## o4 Refactor

In [1]:
import os
import geopandas as gp    #used for handling geospatial Census Tract data
import pandas as pd
from scipy.stats import norm    #used to compute earthquake damage probability
import numpy as np
import time
import matplotlib as plt


# Import Damage Function Variables Spreadsheet

# The damage function variable table explained:

 Each row represents a combination of building type and building code
 building type refers to the (such as structure or materials of the building: frames, wall types)
 building codes are the classification of its seismic codes
 for example: HC (high code) is the most resistant. 

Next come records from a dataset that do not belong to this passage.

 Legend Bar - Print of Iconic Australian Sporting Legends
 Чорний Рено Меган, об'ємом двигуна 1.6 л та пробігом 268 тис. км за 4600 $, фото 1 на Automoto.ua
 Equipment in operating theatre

 Each column (median moderate, median extensive, median complete ...) refers to a damage state
 The values represents the PGA (Peak Ground Acceleration) value at which such damage state will occur.
 For example, if MedianModerate = 0.22, it means given the building type and building code,
moderate damage can be expected at a PGA of 0.22.

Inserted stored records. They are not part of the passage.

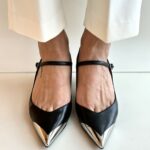 Anna F. Mary Jane Donna Nera Con Punta In Metallo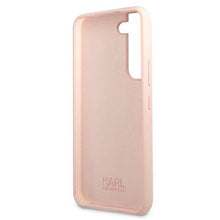 Заредете изображение във визуализатора на галерията – Original faceplate case karl lagerfeld klhcs22sslchpi do samsung s22 (silicone choupette head / pink) - TopMag
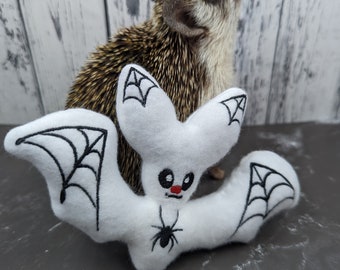 Spider Webs  Bat Mint Stuffed Hedgehog Toy Small Animal Cage Buddy Dia Los Muertos cage decor enrichment photo prop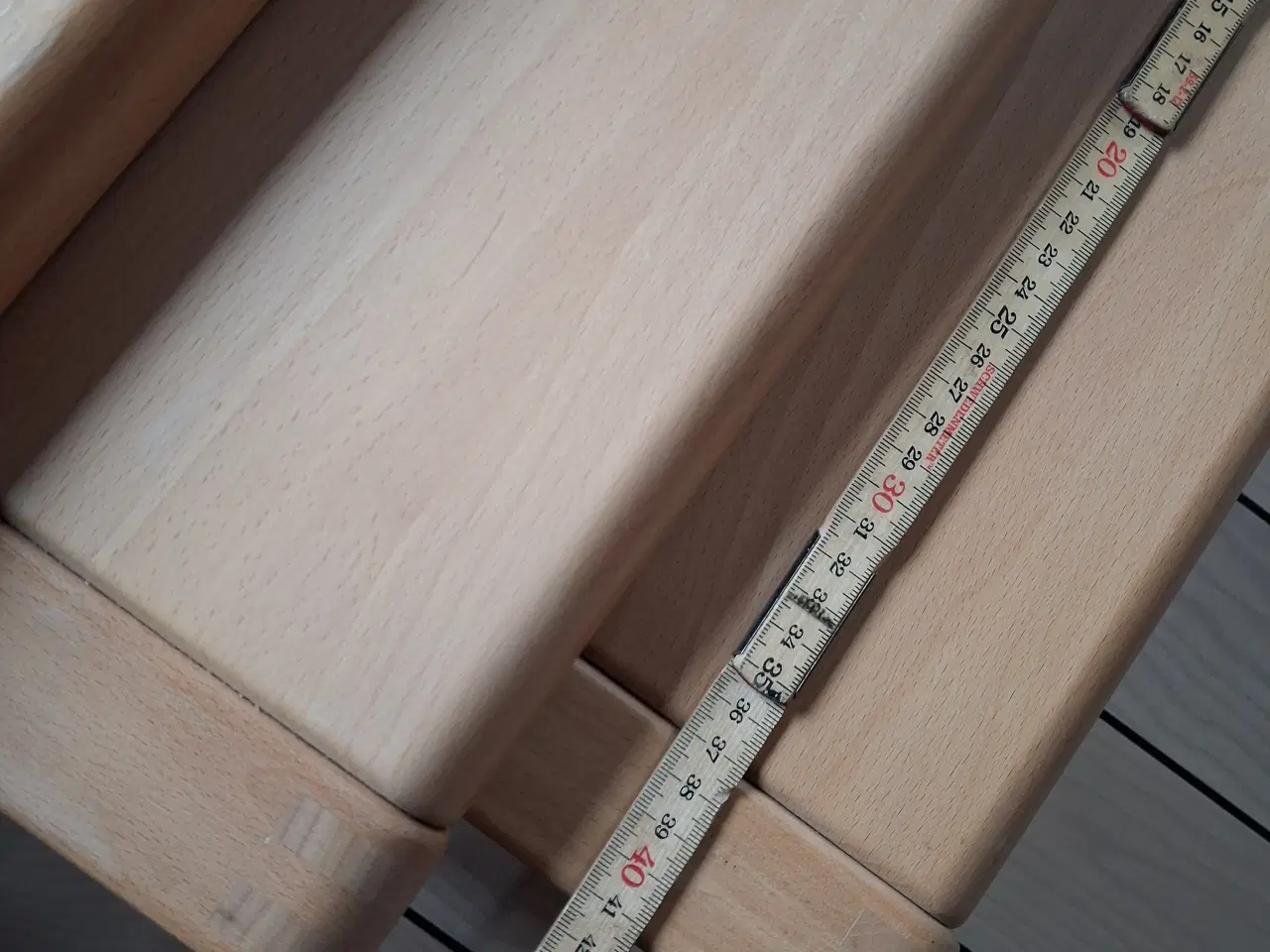 Billede 2 - Indskudsborde i bøgetræ 26611498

Those columns were followed by the beta columns (BetaSlight, BetaModerate, BetaExtensive...)
Those are lognormal standard deviations (used to compute confidence intervals or model uncertainty).
Small beta means this certain type of building has similar falling threshold (smaller uncertainty)

In [2]:
#dmgfvars = r"..\Tables\DamageFunctionVariables.csv"
parent_dir = os.path.dirname(os.getcwd())
dmgfvars = os.path.join(parent_dir, "Tables", "DamageFunctionVariables.csv")
#dmgfvars = r"DamageFunctionVariables.csv"
dmgfvarsDF = pd.read_csv(dmgfvars)
dmgfvarsDF = dmgfvarsDF.drop('Unnamed: 0', axis=1)
list_bldgtypes = dmgfvarsDF["BLDG_TYPE"].unique()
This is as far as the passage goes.